EXERCISE MATERIALS section start

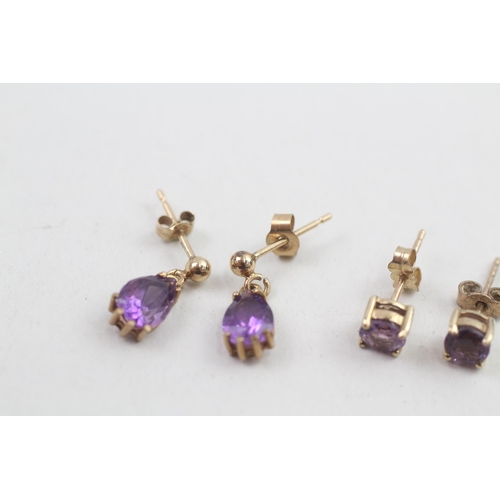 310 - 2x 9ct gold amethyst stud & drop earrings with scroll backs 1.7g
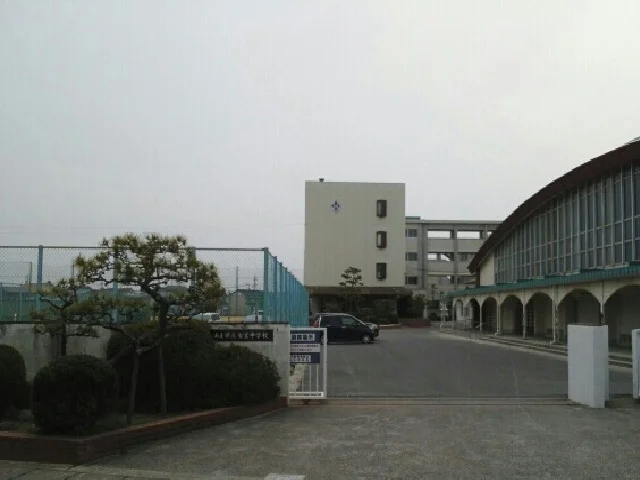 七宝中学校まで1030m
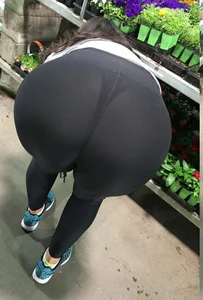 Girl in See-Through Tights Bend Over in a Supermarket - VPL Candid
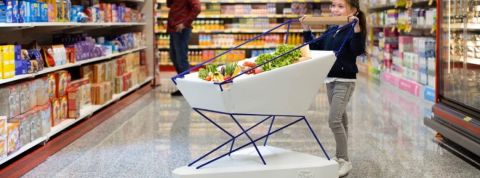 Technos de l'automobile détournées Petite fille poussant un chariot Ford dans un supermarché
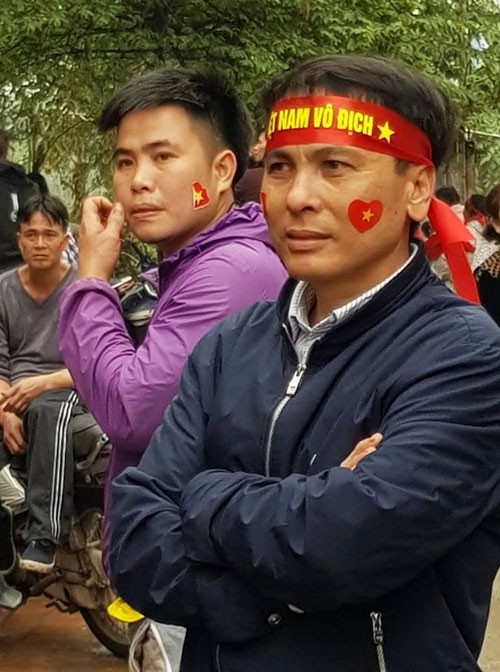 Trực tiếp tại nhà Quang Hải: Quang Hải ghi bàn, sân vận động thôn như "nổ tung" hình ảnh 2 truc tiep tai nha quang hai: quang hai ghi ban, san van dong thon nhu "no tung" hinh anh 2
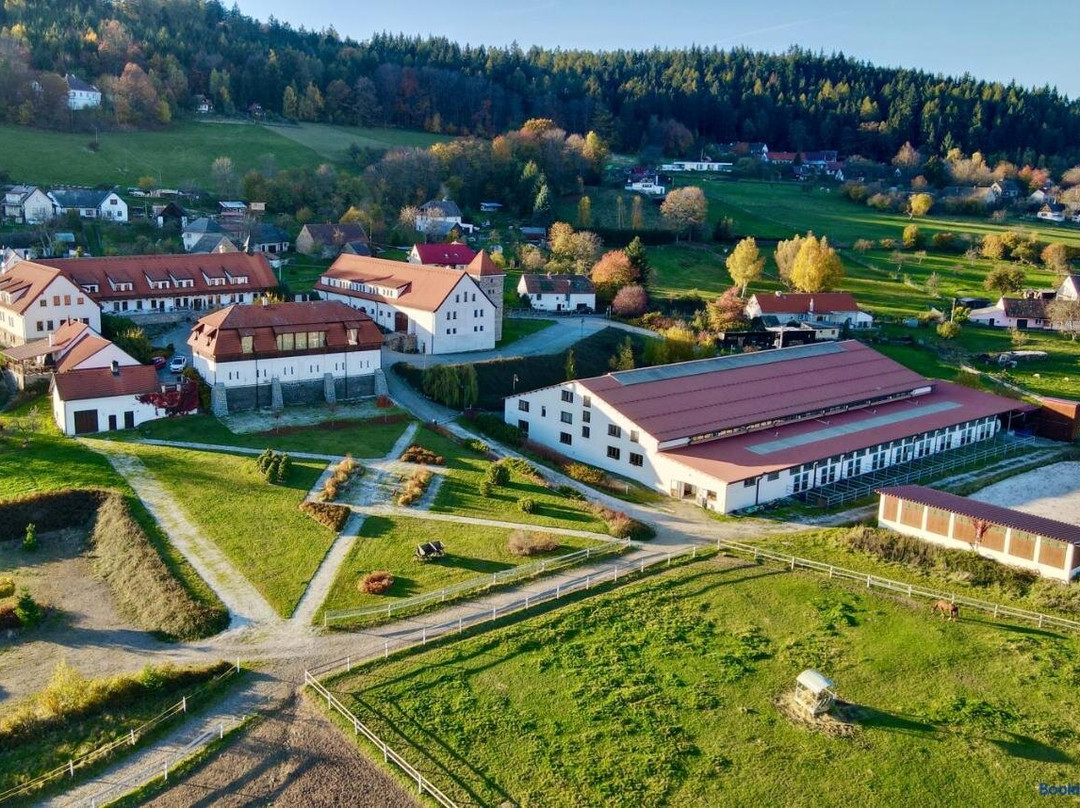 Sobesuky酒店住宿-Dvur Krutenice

EXERCISE MATERIALS section end

Please retype exactly the lines from the one containing "Trực tiếp tại" through the last line of the records, both included, leaving out every picture.

 Trực tiếp tại nhà Quang Hải: Quang Hải ghi bàn, sân vận động thôn như "nổ tung" hình ảnh 2 truc tiep tai nha quang hai: quang hai ghi ban, san van dong thon nhu "no tung" hinh anh 2
 Sobesuky酒店住宿-Dvur Krutenice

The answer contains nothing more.